Depending on local weather patterns and a few other variables, this event will occur at differing times, from early spring through mid-summer, throughout just about all of the United States east of the Mississippi, with the largest “emergences” occurring in all of New Jersey, Maryland, Kentucky, Tennessee, and Indiana and in portions of Iowa, Missouri, Georgia, Illinois, Ohio, Alabama, Mississippi, Virginia, North Carolina, West Virginia, Pennsylvania, and New York.

Once these huge insects begin flying, breeding, and sounding off, it normally takes at least two weeks before the first of them begin dying off. So fish are normally just a bit slow to start hitting on this somewhat unfamiliar food source. By the middle of the third week, though, millions, (possibly even billions), of these locusts will be dying off and falling down to the ground or into the water, which is when just about all of the larger fish will find their way into the shallows and take to gorging themselves at a truly unique rate.

Ponds, rivers, and smaller lakes are simply overcome by events of this nature. With the waters under overhanging tree limbs normally becoming overcrowded with just about every size and species of fish greedily competing for the dropping of red-eyed, black and orange insects. In the larger lakes and reservoirs, the smaller fish will normally stay out in deeper water, with the bigger fish crowding in close to forested or tree-lined banks.

Locating the best fishing areas at this time will be a relatively simple matter. You’ll need only to find a spot with plenty of limbs hanging out over the water, preferably with a breeze blowing away from the shore, as well as searching out the loudest spots along the shoreline.

Though I was still in my early thirties at the time, I clearly remember fishing during the last big 17-year hatch. At that time I’d simply gather up a large quantity of already dead locusts from where they’d fallen around the tree trunks and, after threading a locust on to a relatively large #1-size hook attached to a tapered leader, I’d flip-cast the bug into a shaded area right up near the bank.

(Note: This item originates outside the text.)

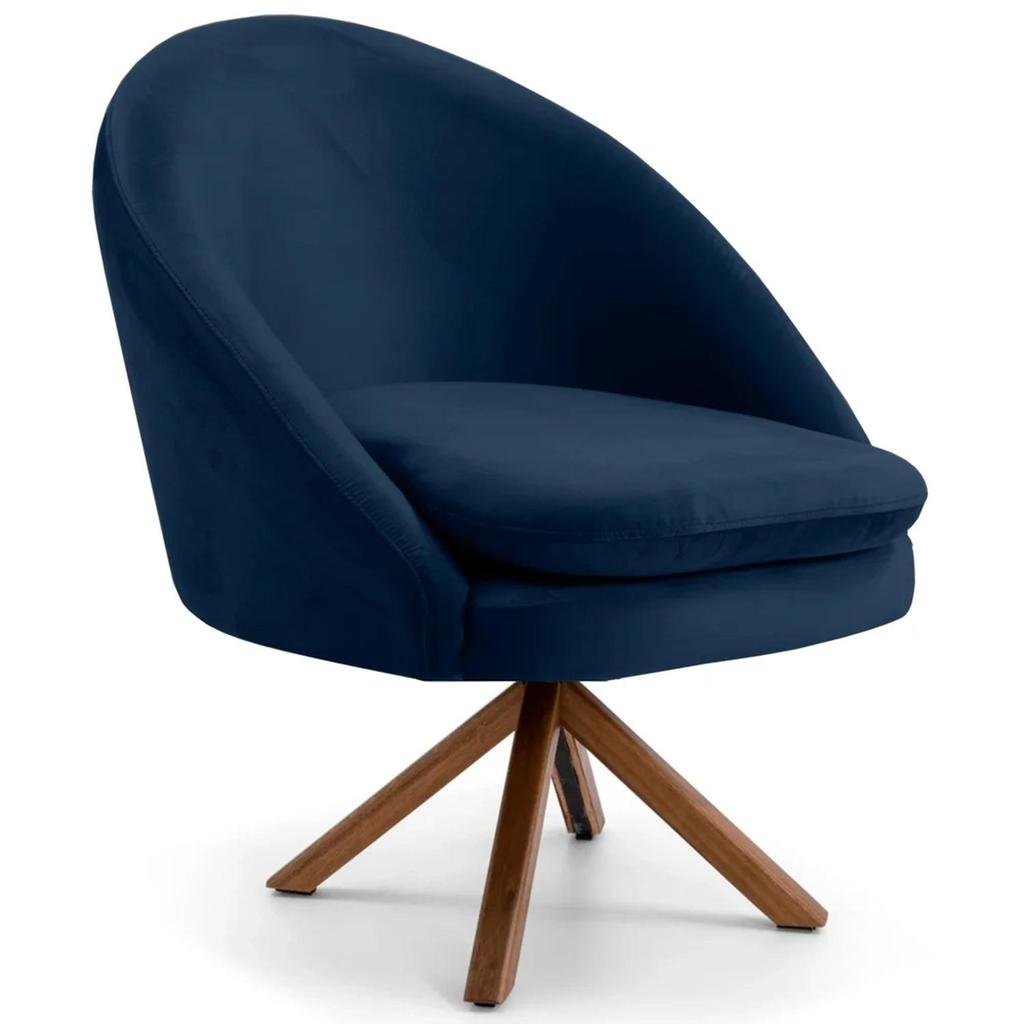 Poltrona Decorativa Base Giromad Madeira Rafa C-304 Veludo Azul Marinho - Domi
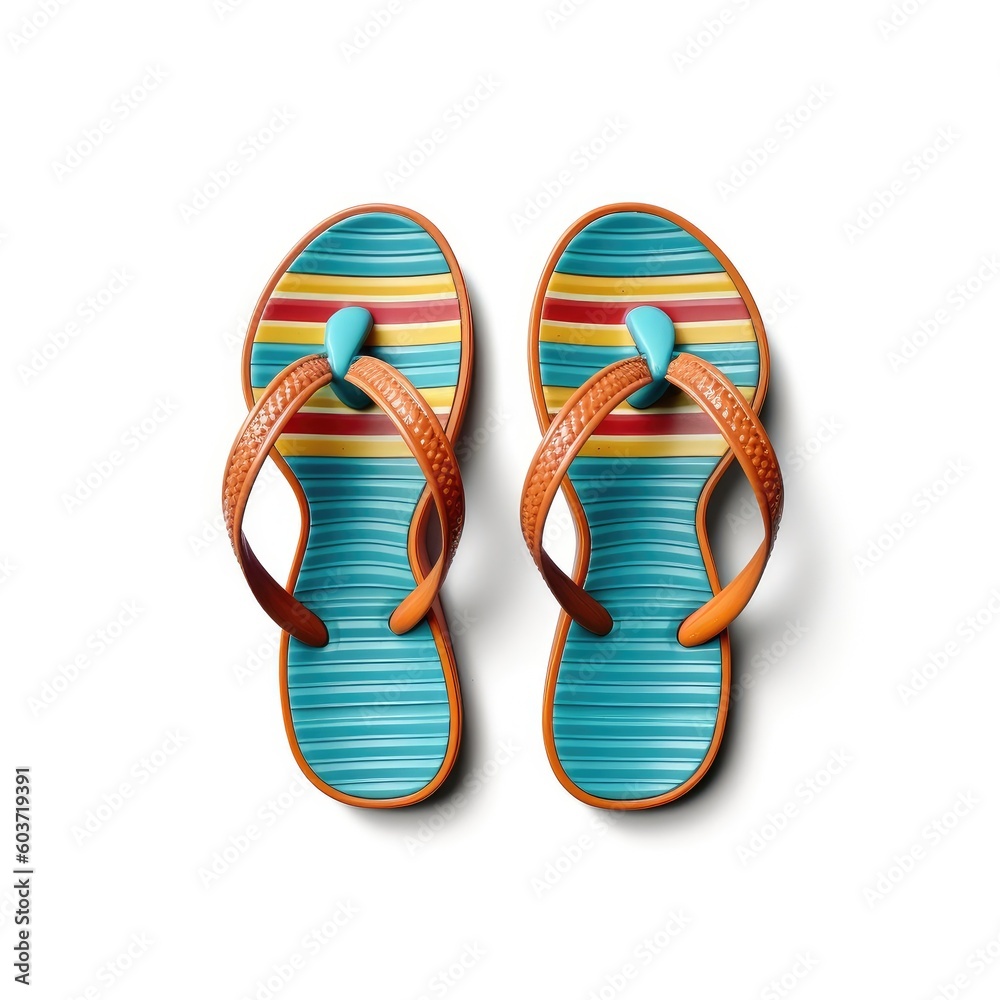 Flip flop sandals isolated on white background,AI generated.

If I didn’t get a strike within the first few seconds, I’d give my rod a little twitch causing the bug to move only a couple of inches. This nearly always triggered an actual attack by a frenziedly feeding fish.

This year, in addition to using these same tactics, I intend trying a few artificials as well. In fact, I’ve already ordered a few “Arbogast Hucus Locusts” in their black and copper pattern (available from www.lurenet.com if you can’t find them locally), as well as several of Bass Pro Shop’s “Lazer Eye Locust” lures (from www.bassproshops.com), Rebel’s “Crickhopper Poppers” (also available from www.lurenet.com), plus ordering a few cicada flies from T. Hargrove in St. Louis (call 1-314-968-4223 if you’d like to try these as well).

To help you take advantage of this “once in a lifetime” fishing opportunity, the Conservation Departments in nearly every state in the Brood X emergence area will soon be publishing literature on the matter. And a simple telephone call to the State Conservation office with a request to speak with their entomologist should find you with plenty of help in working out a prime fishing timeline for any state in which you might be interested in fishing.

Even during the short periods, when the greenish annual cicadas are dying off, bass and other fish will normally strike the bugs with seemingly insane ferocity. So if it’s at all possible, you really don’t want to miss taking advantage of this ultra-rare angling opportunity.

Aside from using this chance to fill my smokehouse with fish, I plan on using this event to help build some lifetime-lasting memories for my kids and grandkids while I’m at it. There’s no reason you shouldn’t do the same.